▼
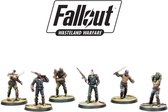 Fallout: Wasteland Warfare | Miniatures Raiders, Scavvers & Psychos - Uitbreiding - Modiphius Entertainment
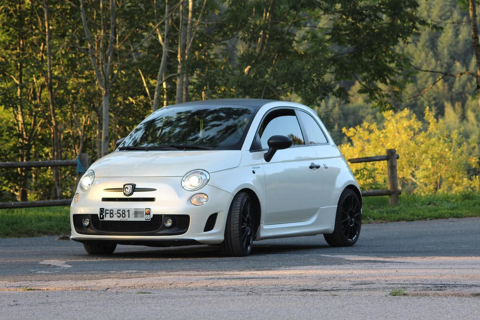 Abarth 500 1.4 16V T-Jet 135 ch 2011 occasion Hilsenheim 67600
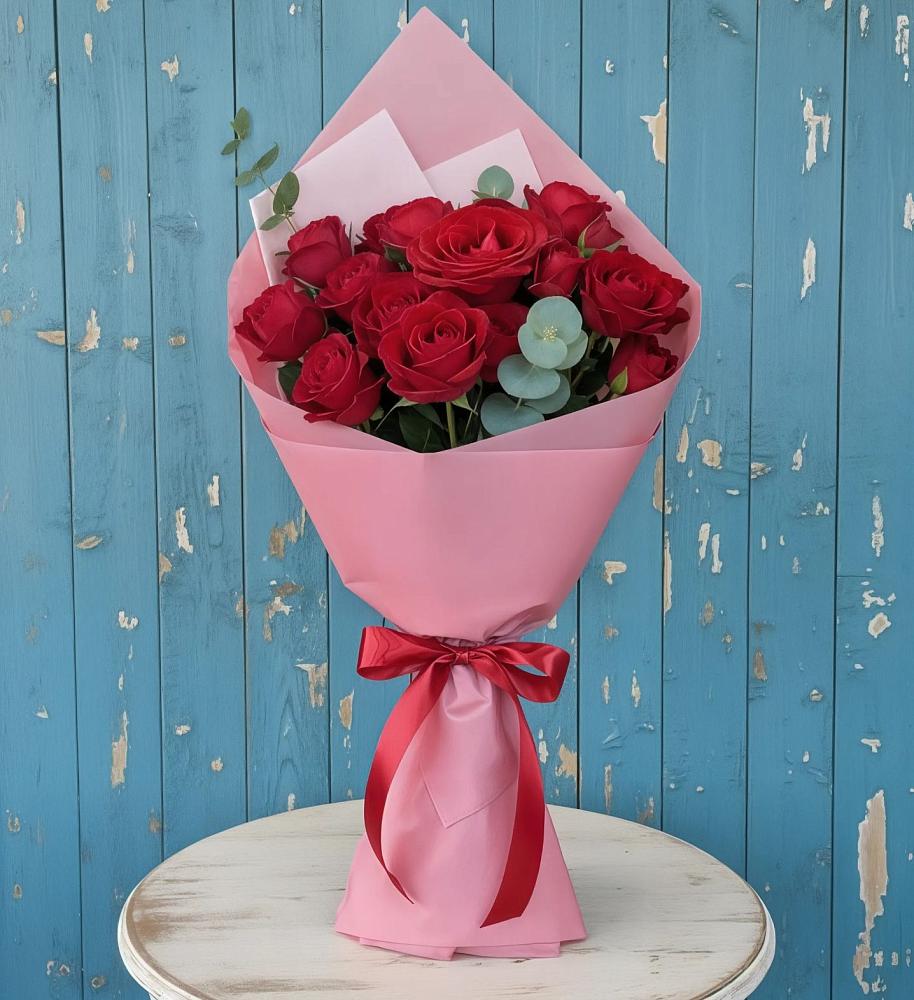 Букет цветов из: Розы в Поселок ВНИИССОК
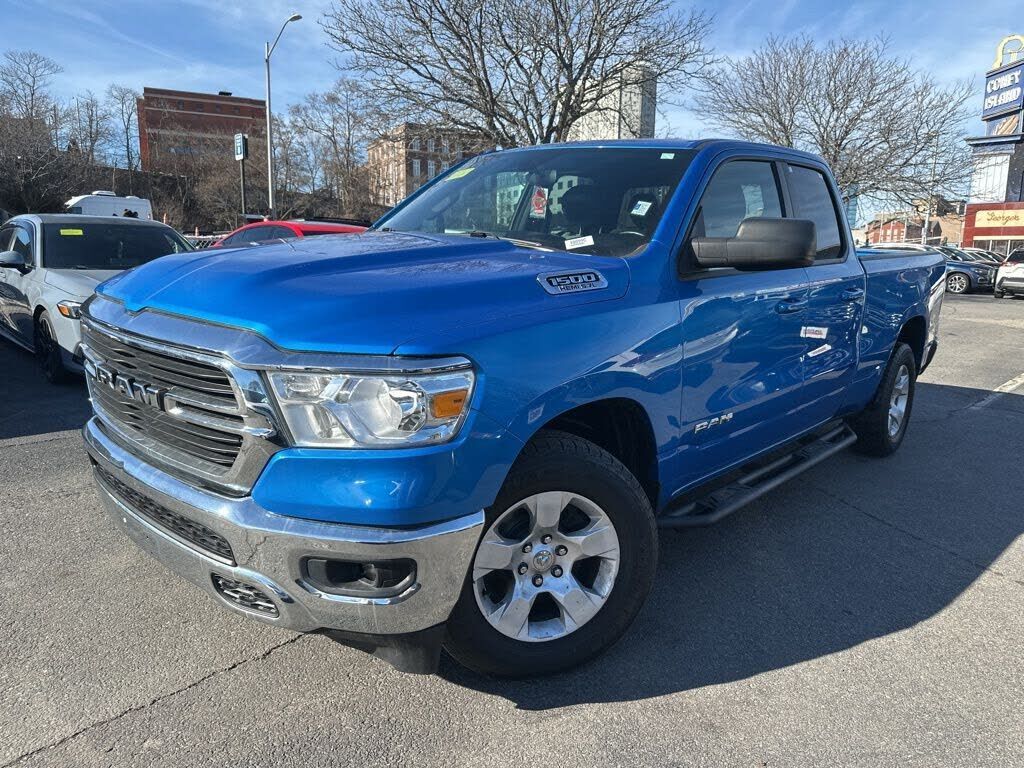 2021 RAM 1500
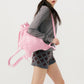 【PLEATS MAMA】NEW BOW BACKPACK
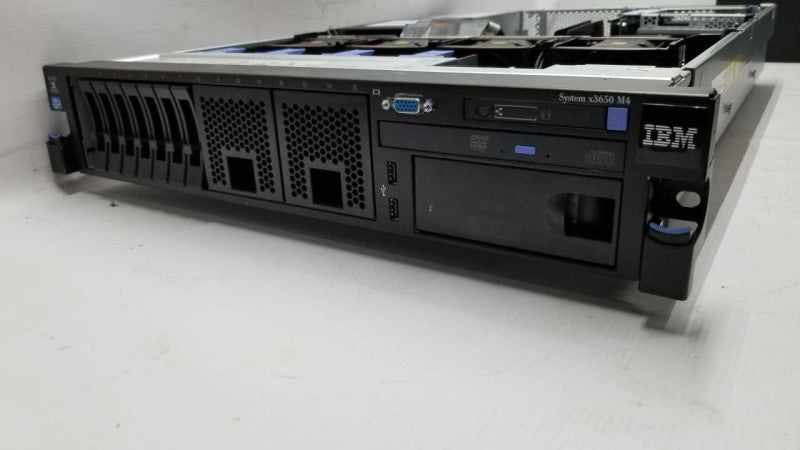 IBM System x3650 M4 2x Xeon E5-2609 @ 2.40ghz / 288gb ram / 2x 00JY847  #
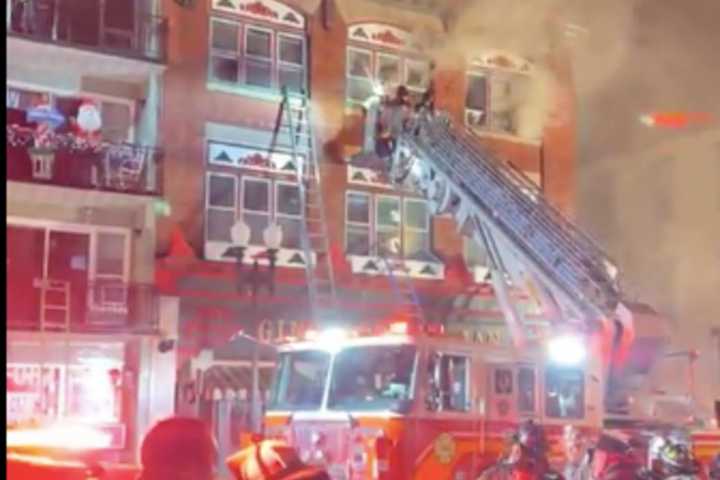 'Gingerbread Building' Destroyed By Fire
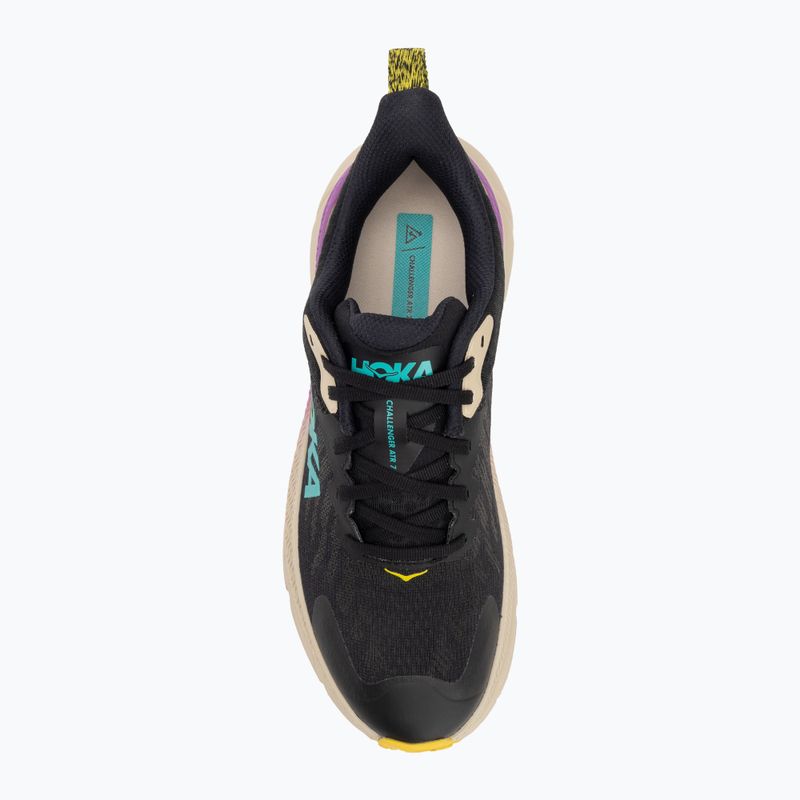 Buty do biegania męskie HOKA Challenger 7 GTX black/oatmeal 5
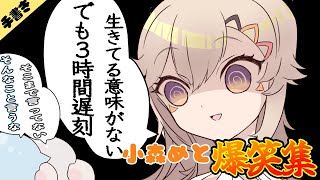 褒めていたはずが何故か自ら掘り返す小森めと【手書きまとめ/小森めと/ヘンディー/白雪レイド/ぶいすぽ切り抜き/】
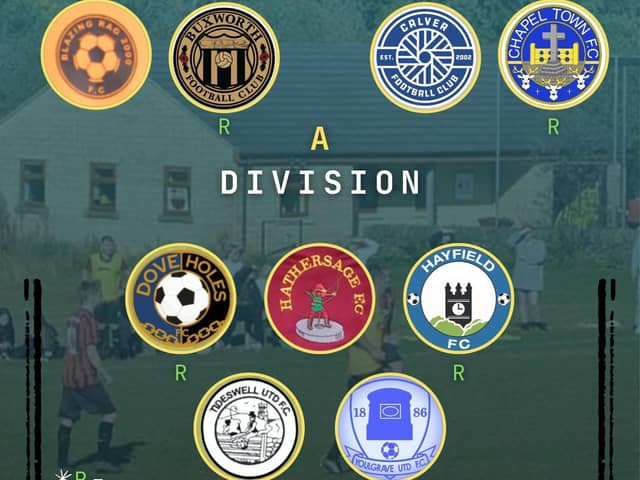 The A Division - 2025/2026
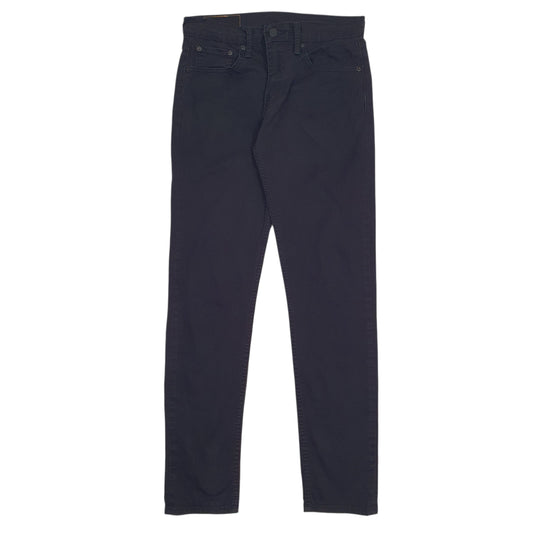 Mens Black Levis  Chino Trousers
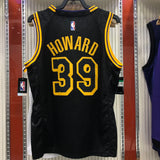 Regata Los Angeles Lakers Edição Black Mamba Preta Dwigth Howard #39 Não Personalizar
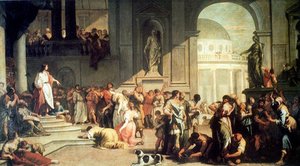 Susanne Before Daniel — Sebastiano Ricci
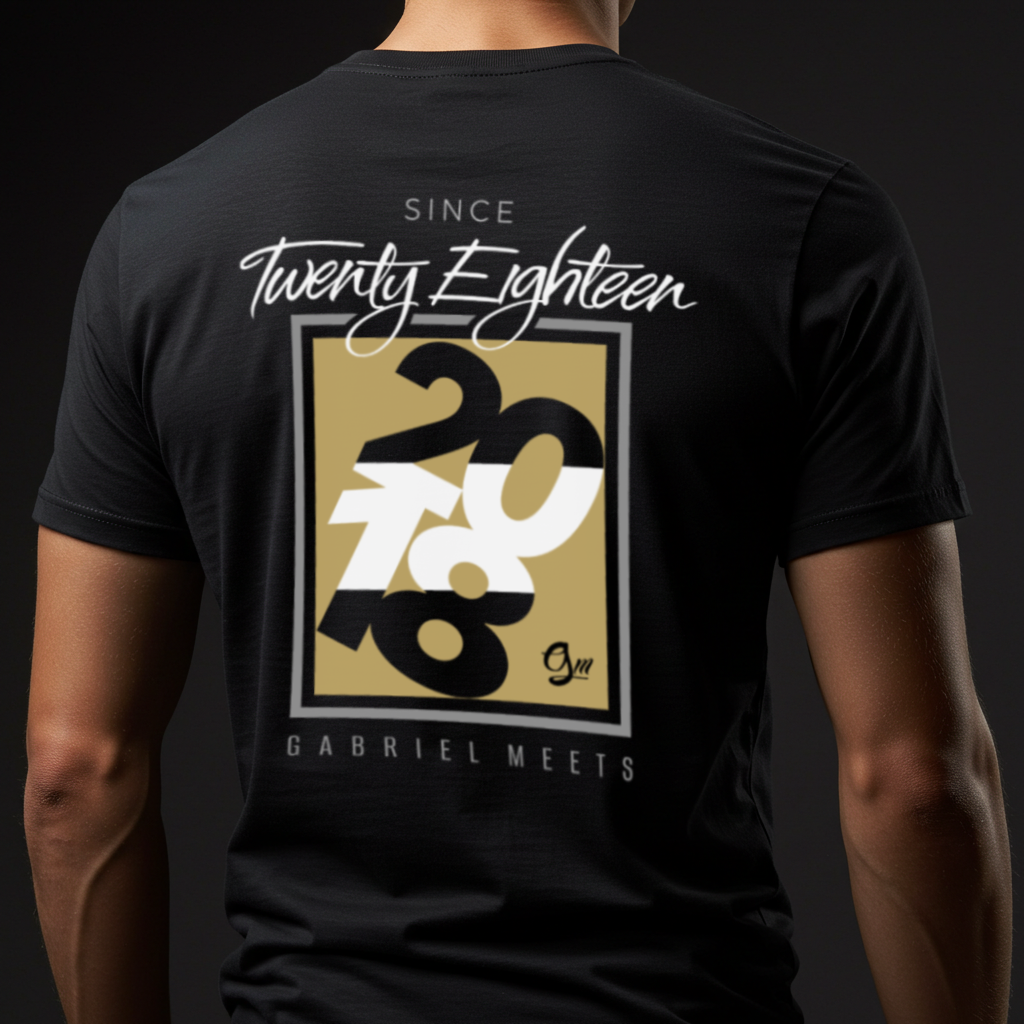 Men's GM Originals 2018 Collection T-Shirt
▲
▶ What to do: Reproduce the listing exactly. The pictures are to be omitted.

▶ Answer section:
 Fallout: Wasteland Warfare | Miniatures Raiders, Scavvers & Psychos - Uitbreiding - Modiphius Entertainment
 Abarth 500 1.4 16V T-Jet 135 ch 2011 occasion Hilsenheim 67600
 Букет цветов из: Розы в Поселок ВНИИССОК
 2021 RAM 1500
 【PLEATS MAMA】NEW BOW BACKPACK
 IBM System x3650 M4 2x Xeon E5-2609 @ 2.40ghz / 288gb ram / 2x 00JY847  #
 'Gingerbread Building' Destroyed By Fire
 Buty do biegania męskie HOKA Challenger 7 GTX black/oatmeal 5
 褒めていたはずが何故か自ら掘り返す小森めと【手書きまとめ/小森めと/ヘンディー/白雪レイド/ぶいすぽ切り抜き/】
 The A Division - 2025/2026
 Mens Black Levis  Chino Trousers
 Regata Los Angeles Lakers Edição Black Mamba Preta Dwigth Howard #39 Não Personalizar
 Susanne Before Daniel — Sebastiano Ricci
 Men's GM Originals 2018 Collection T-Shirt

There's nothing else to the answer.